Regular communication, team meetings and rapport building are all essential for creating an effective remote team. Define which incoming tasks lend themselves to collaboration, and build sub-teams or pairs where you feel rapport needs to build.
4) Physical limitations
Many office spaces are frankly not designed for collaboration. Some organisations utilise seperate cubicles for staff members to minimise distractions. But in doing so, they snuff out the collaborative spark.

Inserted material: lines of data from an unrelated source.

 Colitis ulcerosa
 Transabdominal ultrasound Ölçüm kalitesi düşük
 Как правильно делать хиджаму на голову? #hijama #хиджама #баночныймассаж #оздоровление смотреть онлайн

Offices that are seperated into small rooms can contribute to the silo mentality. Managers who sit away from their teams will find it more challenging to fit into the team dynamic. These things can be resolved by utilising a space that allows for free movement and that promotes a flat team structure.
5) Lack of team dynamic
Perhaps the biggest challenge with collaboration is instilling the will within the team to do so. This simply cannot be done if the team dynamic is not up to the task. If your team haven’t established relationships with each other, the overall atmosphere need attention.
You can build a team dynamic by engineering situations where your team are able to socialise and build relationships that contribute to the dynamic. Social events, team lunches and a relaxed working atmosphere can all help to build a positive team dynamic.
6) Bad examples from leadership
As we’ve mentioned, collaboration starts at the top. If senior leadership figures are modelling collaboration in the way that they work, this mentality will feed into the wider business.
Leaders that do not exemplify collaborative values will promote a similar mentality among their teams. This is why buy-in at the senior leadership level is so important. Lead by example, and set the standard for how collaboration should be working within your organisation.
7) Lack of opportunity
Some roles don’t lend themselves to collaborative working. But collaboration doesn’t always have to mean a team working on one task. Three individuals with different skill sets can still collaborate and work towards the same goal.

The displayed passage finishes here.